# Electrostatic energy

### Energy of a system of charges

If one has two point charges $q_i$ and $q_j$, the potential energy of this pair is

$U_{ij} = \frac1{4\pi\epsilon_0} \frac{q_i q_j}{r_{ij}}$

where $r_{ij}$ is the distance between the two charges.
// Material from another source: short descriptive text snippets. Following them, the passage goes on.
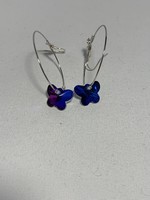 Silver Hoops with Blue & Purple Crystal Butterflies, Silver Lined Crystal Beads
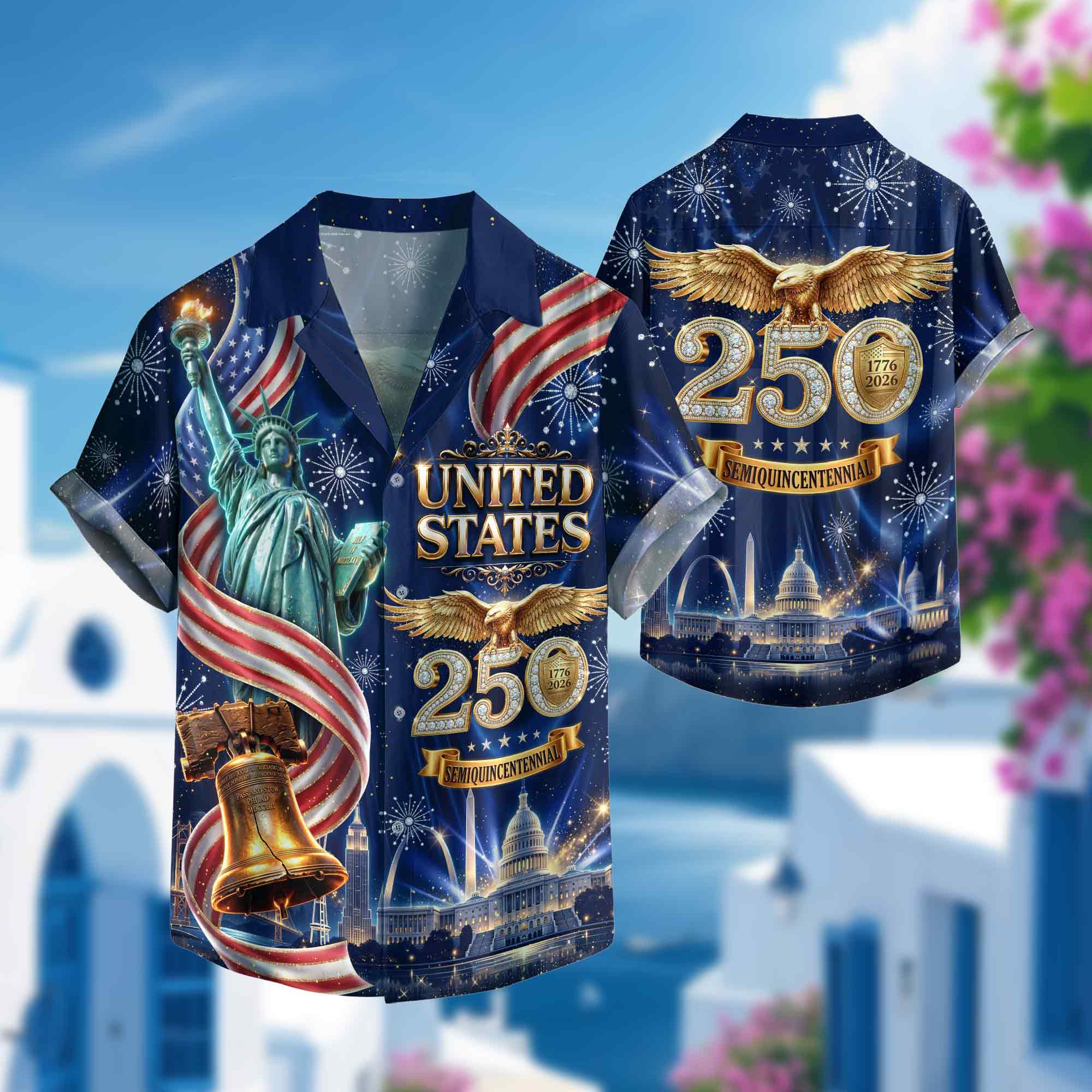 United States 250 Years Hawaiian Shirt Patriotic Eagle Liberty Bell Independence Day Gift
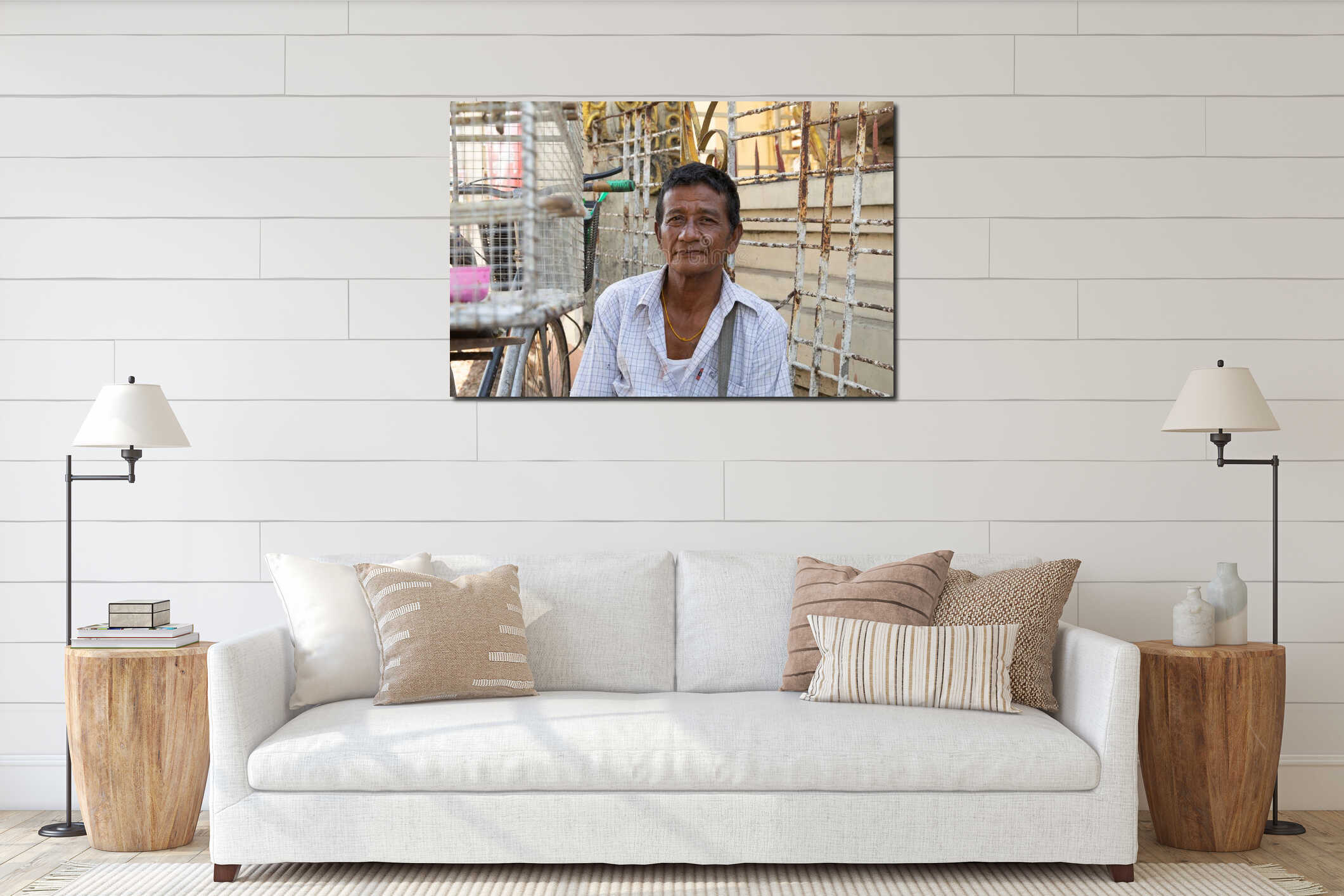 Canvas hanging interior mockup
If we have N charge system,

$U = \sum_{all pairs}U_{ij} = \frac12\sum_{i=1}^N\sum_{\substack{j=1 \\ i\neq j}}^N U_{ij} = \frac12\sum_{i=1}^N\sum_{\substack{j=1 \\ i\neq j}}^N \frac{q_i q_j}{4\pi\epsilon_0 r_{ij}}$

If we regroup,

$U = \frac12\sum_{i=1}^N q_i \left( \sum_{j=1}^N \frac{q_j}{4\pi\epsilon_0 r_{ij}}\right) = \frac12\sum_{i=1}^N q_i V_i(\mathbf{r}_i)$

If charges are continuously distributed,

$U = \frac12 \int_{\mathrm{all\_ space}} \rho(\mathbf{r}) V(\mathbf{r}) d\tau$

### Energy of a system of conductors

As charges are all on the surface of a conductor, and its potential is constant,

$U_i = \frac12 V_i \int_{S_i} \sigma_i da_i = \frac12 Q_i V_i$

So, the total energy of the system is

$U = \frac12 \sum_{i=1}^N Q_i V_i$

#### Isolated conductor

$U = \frac12 QV = \frac{Q^2}{2C} = \frac12 CV^2$

for sphere,

$U = \frac12 \frac{Q^2}{r\pi\epsilon_0 a}$

### Energy in terms of Electric field

By replacing $\rho = \epsilon_0 \nabla\cdot\mathbf{E}$

$U = \frac{\epsilon_0}{2} \int V(\nabla\cdot\mathbf{E}) d\tau$

By using $V(\nabla\cdot\mathbf{E}) = -\mathbf{E}\cdot\nabla V + \nabla\cdot(V\mathbf{E}) = \mathbf{E}^2+\nabla\cdot(V\mathbf{E})$

\begin{align} U &= \frac{\epsilon_0}{2}\int\mathbf{E}^2 d\tau + \frac{\epsilon_0}{2}\int\nabla\cdot(V\mathbf{E})d\tau \\ &= \frac{\epsilon_0}{2}\int\mathbf{E}^2 d\tau + \frac{\epsilon_0}{2}\oint_S (V\mathbf{E})\cdot d\mathbf{a} \\ &= \frac{\epsilon_0}{2}\int_{all\_space}\mathbf{E}^2 d\tau \end{align}

As $r \rightarrow \infty$

$V \sim \frac1{r}$ and $|\mathbf{E}| \sim \frac1{r^2}$

This leads to the definition of energy density

$u_e = \frac12 \epsilon_0 \mathbf{E}^2$

### Energy in dielectric

\begin{align} U &= \frac12\int_{allspace}\rho_f V d\tau = \frac12\int V(\nabla\cdot\mathbf{D})d\tau \\ &= \frac12\int\nabla\cdot(V\mathbf{D})d\tau - \frac12\int\mathbf{D}\cdot\nabla Vd\tau \\ &= \frac12\oint_S V\mathbf{D}\cdot d\mathbf{a} + \frac12\int\mathbf{D}\cdot\mathbf{E} d\tau \\ &= \frac12\int\mathbf{D}\cdot\mathbf{E} d\tau \end{align}

This leads to the definition of energy density

$u_e = \frac12\mathbf{D}\cdot\mathbf{E} = \frac12\epsilon\mathbf{E}^2 = \frac12\frac{\mathbf{D}^2}{\epsilon}$
$\mathbf{F} = -\nabla U = -\frac{\partial U}{\partial x}\hat{\mathbf{x}}$